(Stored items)
______________________________
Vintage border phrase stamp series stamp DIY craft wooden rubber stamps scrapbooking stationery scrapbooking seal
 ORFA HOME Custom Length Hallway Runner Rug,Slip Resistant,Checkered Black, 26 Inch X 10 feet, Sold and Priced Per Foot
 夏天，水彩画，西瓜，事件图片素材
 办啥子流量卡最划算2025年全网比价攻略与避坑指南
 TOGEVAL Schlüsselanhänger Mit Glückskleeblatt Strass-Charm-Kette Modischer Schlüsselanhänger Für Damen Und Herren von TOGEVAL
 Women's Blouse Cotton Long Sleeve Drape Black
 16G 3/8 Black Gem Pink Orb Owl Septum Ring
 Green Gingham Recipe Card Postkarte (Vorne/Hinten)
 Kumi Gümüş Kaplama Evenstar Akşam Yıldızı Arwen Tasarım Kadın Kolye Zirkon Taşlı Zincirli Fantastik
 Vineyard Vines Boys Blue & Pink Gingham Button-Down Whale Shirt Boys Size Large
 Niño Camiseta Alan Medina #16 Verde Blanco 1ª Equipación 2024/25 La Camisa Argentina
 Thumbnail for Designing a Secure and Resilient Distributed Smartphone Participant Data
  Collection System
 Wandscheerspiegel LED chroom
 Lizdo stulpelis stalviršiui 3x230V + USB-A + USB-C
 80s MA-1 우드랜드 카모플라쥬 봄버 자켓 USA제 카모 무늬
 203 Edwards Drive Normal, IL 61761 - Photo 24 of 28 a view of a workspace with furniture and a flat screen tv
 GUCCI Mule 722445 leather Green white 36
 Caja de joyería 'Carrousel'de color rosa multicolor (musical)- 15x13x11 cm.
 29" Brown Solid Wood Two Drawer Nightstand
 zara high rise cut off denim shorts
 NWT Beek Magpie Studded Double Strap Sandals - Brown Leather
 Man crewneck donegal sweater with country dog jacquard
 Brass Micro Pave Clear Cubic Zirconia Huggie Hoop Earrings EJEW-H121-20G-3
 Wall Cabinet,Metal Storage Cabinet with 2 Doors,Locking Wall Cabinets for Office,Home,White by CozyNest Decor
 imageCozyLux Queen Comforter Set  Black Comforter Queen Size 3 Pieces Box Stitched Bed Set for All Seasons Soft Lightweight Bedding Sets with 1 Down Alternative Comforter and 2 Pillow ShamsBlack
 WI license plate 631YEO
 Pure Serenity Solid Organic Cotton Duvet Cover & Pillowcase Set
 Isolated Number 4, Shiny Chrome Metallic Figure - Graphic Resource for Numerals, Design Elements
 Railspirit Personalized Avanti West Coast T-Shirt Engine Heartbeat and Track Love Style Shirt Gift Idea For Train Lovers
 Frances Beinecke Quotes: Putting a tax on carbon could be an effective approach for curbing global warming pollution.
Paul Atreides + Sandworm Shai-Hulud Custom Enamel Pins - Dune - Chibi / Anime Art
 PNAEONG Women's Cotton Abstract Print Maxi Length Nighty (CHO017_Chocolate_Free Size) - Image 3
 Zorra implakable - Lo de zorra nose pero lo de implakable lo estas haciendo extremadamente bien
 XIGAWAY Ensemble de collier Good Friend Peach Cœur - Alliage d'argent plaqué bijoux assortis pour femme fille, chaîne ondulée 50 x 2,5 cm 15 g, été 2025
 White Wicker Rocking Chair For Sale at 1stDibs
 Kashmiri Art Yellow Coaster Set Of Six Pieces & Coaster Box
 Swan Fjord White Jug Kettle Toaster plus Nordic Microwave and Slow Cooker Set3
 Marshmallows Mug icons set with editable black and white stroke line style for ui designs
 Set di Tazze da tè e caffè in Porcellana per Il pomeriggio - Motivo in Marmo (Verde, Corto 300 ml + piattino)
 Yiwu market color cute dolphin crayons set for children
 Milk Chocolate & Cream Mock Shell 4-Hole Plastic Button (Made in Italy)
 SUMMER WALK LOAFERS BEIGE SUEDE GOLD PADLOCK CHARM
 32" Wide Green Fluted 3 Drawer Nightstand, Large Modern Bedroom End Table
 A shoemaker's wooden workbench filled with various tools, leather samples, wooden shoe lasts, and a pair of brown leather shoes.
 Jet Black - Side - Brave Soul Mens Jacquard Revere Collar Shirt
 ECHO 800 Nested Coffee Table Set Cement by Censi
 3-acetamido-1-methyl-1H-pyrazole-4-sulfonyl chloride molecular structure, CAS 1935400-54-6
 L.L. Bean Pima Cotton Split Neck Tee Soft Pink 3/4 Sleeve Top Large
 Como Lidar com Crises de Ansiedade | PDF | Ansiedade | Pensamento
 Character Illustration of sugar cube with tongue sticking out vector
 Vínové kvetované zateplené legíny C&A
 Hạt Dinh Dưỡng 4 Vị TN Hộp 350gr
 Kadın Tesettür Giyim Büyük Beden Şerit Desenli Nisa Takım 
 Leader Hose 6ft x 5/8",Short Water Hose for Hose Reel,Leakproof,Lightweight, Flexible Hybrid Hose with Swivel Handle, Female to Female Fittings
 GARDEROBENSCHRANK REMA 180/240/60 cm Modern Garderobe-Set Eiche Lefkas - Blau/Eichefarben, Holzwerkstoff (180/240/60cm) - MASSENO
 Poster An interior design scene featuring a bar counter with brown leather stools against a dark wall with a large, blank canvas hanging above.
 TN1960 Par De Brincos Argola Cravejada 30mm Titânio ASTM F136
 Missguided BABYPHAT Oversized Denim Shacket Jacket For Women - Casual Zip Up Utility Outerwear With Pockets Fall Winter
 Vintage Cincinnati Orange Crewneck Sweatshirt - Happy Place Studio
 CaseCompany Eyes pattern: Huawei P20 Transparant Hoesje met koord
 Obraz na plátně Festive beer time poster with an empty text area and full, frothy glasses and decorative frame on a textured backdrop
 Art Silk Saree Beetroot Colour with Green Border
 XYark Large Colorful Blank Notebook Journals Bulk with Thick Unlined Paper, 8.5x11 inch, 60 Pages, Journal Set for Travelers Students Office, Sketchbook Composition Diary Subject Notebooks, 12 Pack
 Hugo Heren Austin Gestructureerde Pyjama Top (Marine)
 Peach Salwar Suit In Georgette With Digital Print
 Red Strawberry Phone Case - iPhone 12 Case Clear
______________________________
▸ **ABOUT THIS EXERCISE**:
All entries must come back exactly as they were written.

▸ **TASK OUTPUT**:
Vintage border phrase stamp series stamp DIY craft wooden rubber stamps scrapbooking stationery scrapbooking seal
 ORFA HOME Custom Length Hallway Runner Rug,Slip Resistant,Checkered Black, 26 Inch X 10 feet, Sold and Priced Per Foot
 夏天，水彩画，西瓜，事件图片素材
 办啥子流量卡最划算2025年全网比价攻略与避坑指南
 TOGEVAL Schlüsselanhänger Mit Glückskleeblatt Strass-Charm-Kette Modischer Schlüsselanhänger Für Damen Und Herren von TOGEVAL
 Women's Blouse Cotton Long Sleeve Drape Black
 16G 3/8 Black Gem Pink Orb Owl Septum Ring
 Green Gingham Recipe Card Postkarte (Vorne/Hinten)
 Kumi Gümüş Kaplama Evenstar Akşam Yıldızı Arwen Tasarım Kadın Kolye Zirkon Taşlı Zincirli Fantastik
 Vineyard Vines Boys Blue & Pink Gingham Button-Down Whale Shirt Boys Size Large
 Niño Camiseta Alan Medina #16 Verde Blanco 1ª Equipación 2024/25 La Camisa Argentina
 Thumbnail for Designing a Secure and Resilient Distributed Smartphone Participant Data
  Collection System
 Wandscheerspiegel LED chroom
 Lizdo stulpelis stalviršiui 3x230V + USB-A + USB-C
 80s MA-1 우드랜드 카모플라쥬 봄버 자켓 USA제 카모 무늬
 203 Edwards Drive Normal, IL 61761 - Photo 24 of 28 a view of a workspace with furniture and a flat screen tv
 GUCCI Mule 722445 leather Green white 36
 Caja de joyería 'Carrousel'de color rosa multicolor (musical)- 15x13x11 cm.
 29" Brown Solid Wood Two Drawer Nightstand
 zara high rise cut off denim shorts
 NWT Beek Magpie Studded Double Strap Sandals - Brown Leather
 Man crewneck donegal sweater with country dog jacquard
 Brass Micro Pave Clear Cubic Zirconia Huggie Hoop Earrings EJEW-H121-20G-3
 Wall Cabinet,Metal Storage Cabinet with 2 Doors,Locking Wall Cabinets for Office,Home,White by CozyNest Decor
 imageCozyLux Queen Comforter Set  Black Comforter Queen Size 3 Pieces Box Stitched Bed Set for All Seasons Soft Lightweight Bedding Sets with 1 Down Alternative Comforter and 2 Pillow ShamsBlack
 WI license plate 631YEO
 Pure Serenity Solid Organic Cotton Duvet Cover & Pillowcase Set
 Isolated Number 4, Shiny Chrome Metallic Figure - Graphic Resource for Numerals, Design Elements
 Railspirit Personalized Avanti West Coast T-Shirt Engine Heartbeat and Track Love Style Shirt Gift Idea For Train Lovers
 Frances Beinecke Quotes: Putting a tax on carbon could be an effective approach for curbing global warming pollution.
Paul Atreides + Sandworm Shai-Hulud Custom Enamel Pins - Dune - Chibi / Anime Art
 PNAEONG Women's Cotton Abstract Print Maxi Length Nighty (CHO017_Chocolate_Free Size) - Image 3
 Zorra implakable - Lo de zorra nose pero lo de implakable lo estas haciendo extremadamente bien
 XIGAWAY Ensemble de collier Good Friend Peach Cœur - Alliage d'argent plaqué bijoux assortis pour femme fille, chaîne ondulée 50 x 2,5 cm 15 g, été 2025
 White Wicker Rocking Chair For Sale at 1stDibs
 Kashmiri Art Yellow Coaster Set Of Six Pieces & Coaster Box
 Swan Fjord White Jug Kettle Toaster plus Nordic Microwave and Slow Cooker Set3
 Marshmallows Mug icons set with editable black and white stroke line style for ui designs
 Set di Tazze da tè e caffè in Porcellana per Il pomeriggio - Motivo in Marmo (Verde, Corto 300 ml + piattino)
 Yiwu market color cute dolphin crayons set for children
 Milk Chocolate & Cream Mock Shell 4-Hole Plastic Button (Made in Italy)
 SUMMER WALK LOAFERS BEIGE SUEDE GOLD PADLOCK CHARM
 32" Wide Green Fluted 3 Drawer Nightstand, Large Modern Bedroom End Table
 A shoemaker's wooden workbench filled with various tools, leather samples, wooden shoe lasts, and a pair of brown leather shoes.
 Jet Black - Side - Brave Soul Mens Jacquard Revere Collar Shirt
 ECHO 800 Nested Coffee Table Set Cement by Censi
 3-acetamido-1-methyl-1H-pyrazole-4-sulfonyl chloride molecular structure, CAS 1935400-54-6
 L.L. Bean Pima Cotton Split Neck Tee Soft Pink 3/4 Sleeve Top Large
 Como Lidar com Crises de Ansiedade | PDF | Ansiedade | Pensamento
 Character Illustration of sugar cube with tongue sticking out vector
 Vínové kvetované zateplené legíny C&A
 Hạt Dinh Dưỡng 4 Vị TN Hộp 350gr
 Kadın Tesettür Giyim Büyük Beden Şerit Desenli Nisa Takım 
 Leader Hose 6ft x 5/8",Short Water Hose for Hose Reel,Leakproof,Lightweight, Flexible Hybrid Hose with Swivel Handle, Female to Female Fittings
 GARDEROBENSCHRANK REMA 180/240/60 cm Modern Garderobe-Set Eiche Lefkas - Blau/Eichefarben, Holzwerkstoff (180/240/60cm) - MASSENO
 Poster An interior design scene featuring a bar counter with brown leather stools against a dark wall with a large, blank canvas hanging above.
 TN1960 Par De Brincos Argola Cravejada 30mm Titânio ASTM F136
 Missguided BABYPHAT Oversized Denim Shacket Jacket For Women - Casual Zip Up Utility Outerwear With Pockets Fall Winter
 Vintage Cincinnati Orange Crewneck Sweatshirt - Happy Place Studio
 CaseCompany Eyes pattern: Huawei P20 Transparant Hoesje met koord
 Obraz na plátně Festive beer time poster with an empty text area and full, frothy glasses and decorative frame on a textured backdrop
 Art Silk Saree Beetroot Colour with Green Border
 XYark Large Colorful Blank Notebook Journals Bulk with Thick Unlined Paper, 8.5x11 inch, 60 Pages, Journal Set for Travelers Students Office, Sketchbook Composition Diary Subject Notebooks, 12 Pack
 Hugo Heren Austin Gestructureerde Pyjama Top (Marine)
 Peach Salwar Suit In Georgette With Digital Print
 Red Strawberry Phone Case - iPhone 12 Case Clear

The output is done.